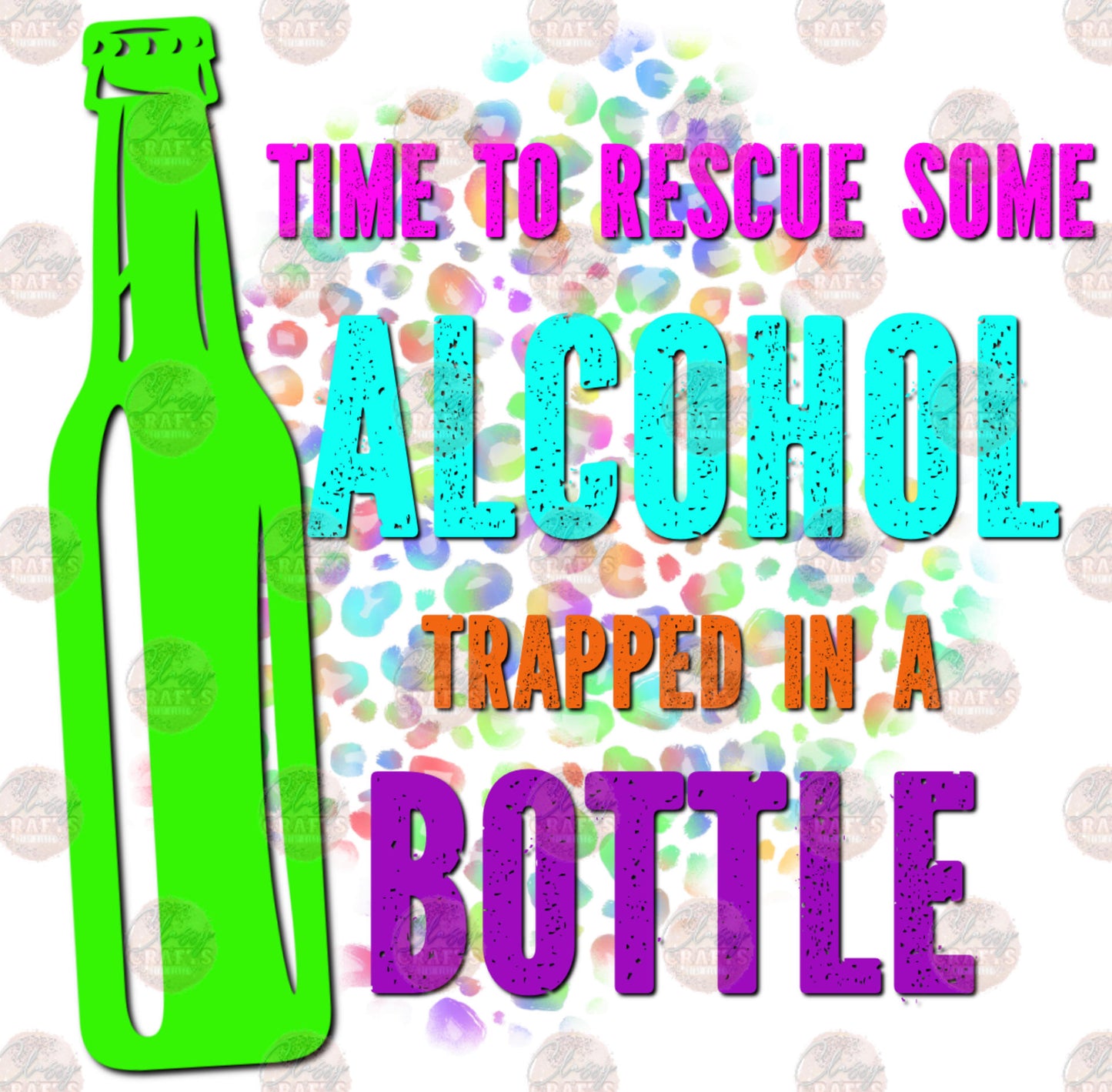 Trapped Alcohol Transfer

================================

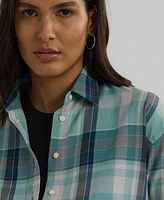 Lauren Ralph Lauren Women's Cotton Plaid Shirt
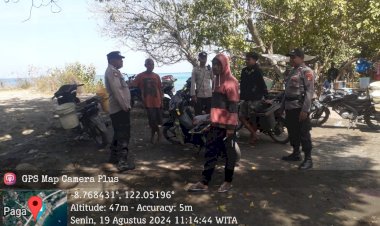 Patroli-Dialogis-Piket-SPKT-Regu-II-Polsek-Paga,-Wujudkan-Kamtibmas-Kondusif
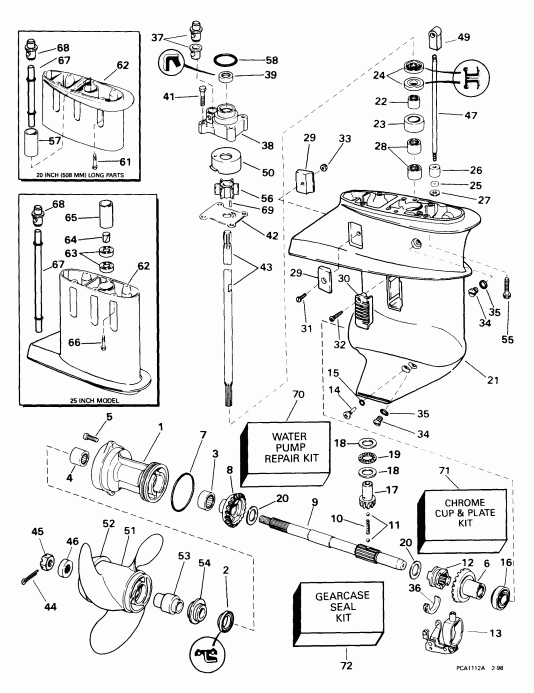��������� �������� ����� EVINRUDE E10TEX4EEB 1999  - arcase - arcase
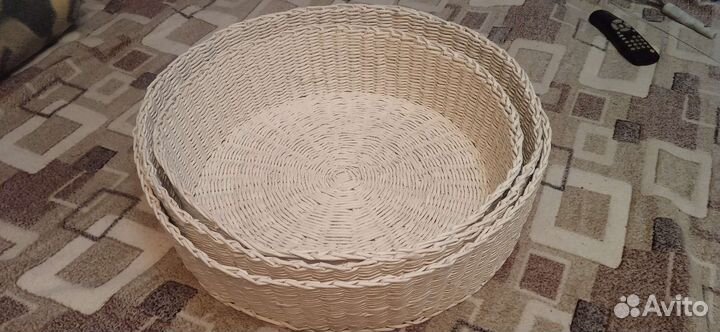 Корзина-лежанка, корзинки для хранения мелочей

================================

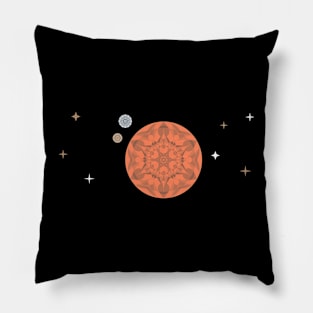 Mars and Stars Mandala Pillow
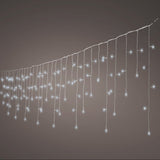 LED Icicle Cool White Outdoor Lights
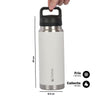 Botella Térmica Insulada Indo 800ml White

================================

#### [DESCRIPTION OF THE TASK]
Taking the entries above, extract every line from the one bearing "Mars and Stars Mandala Pillow" through the one bearing "Botella Térmica Insulada Indo 800ml White", exactly, with no pictures.

#### [REPLY]
 Mars and Stars Mandala Pillow
 LED Icicle Cool White Outdoor Lights
 Botella Térmica Insulada Indo 800ml White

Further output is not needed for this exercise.